Spin-charge separation in one-dimensional fermion systems beyond the Luttinger liquid theory

TL;DR

This paper presents a nonperturbative zero-temperature theory for the dynamic response of one-dimensional spin-1/2 fermions, accounting for dispersion nonlinearity, and extends the concept of spin-charge separation beyond the Luttinger liquid approximation.

Contribution

It introduces a novel approach that exactly incorporates dispersion nonlinearity, providing more accurate predictions for spectral functions and structure factors in 1D fermion systems.

Findings

Calculated power-law singularities for spectral functions and structure factors.

Exponents depend on momentum and differ from linear Luttinger liquid theory.

Generalized spin-charge separation to nonlinear spectra.

Abstract

We develop a nonperturbative zero-temperature theory for the dynamic response functions of interacting one-dimensional spin-1/2 fermions.
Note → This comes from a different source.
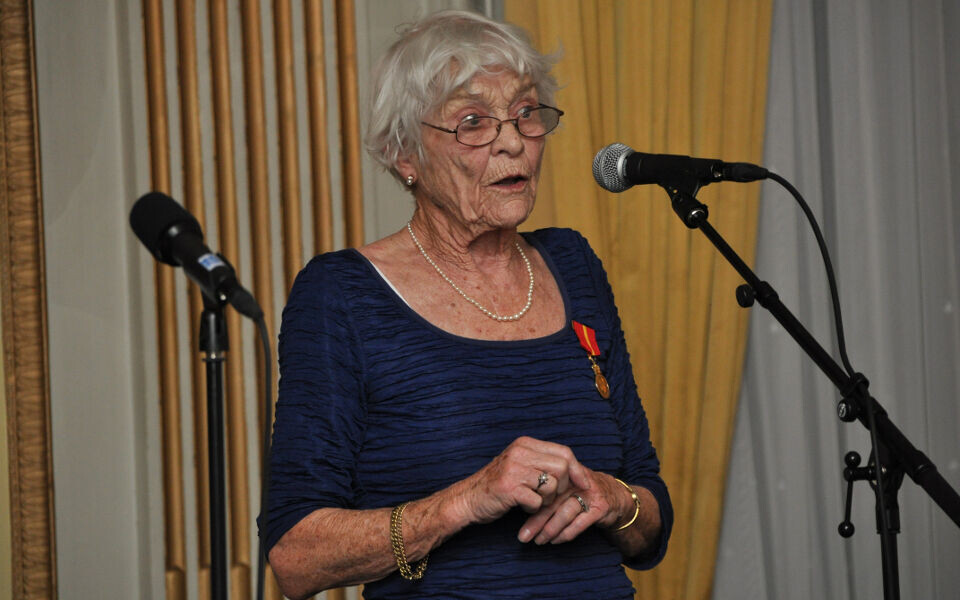 Sigrid Rognlien, mangeårig rektor og pioner innen bioingeniørutdanning, holdt tale under markeringen av BFIs 50-årsjubileum i 2012. 27. august i år døde hun, nær 96 år gammel. Arkivfoto: Svein Arild Nesje-Sletteng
In contrast to the conventional Luttinger liquid theory, we take into account the nonlinearity of the fermion dispersion exactly. We calculate the power-law singularities of the spectral function and the charge and spin density structure factors for arbitrary momenta and interaction strengths. The exponents characterizing the singularities are functions of momenta and differ significantly from the predictions of the linear Luttinger liquid theory. We generalize the notion of the spin-charge separation to the nonlinear spectrum. This generalization leads to phenomenological relations between threshold exponents and the threshold energy.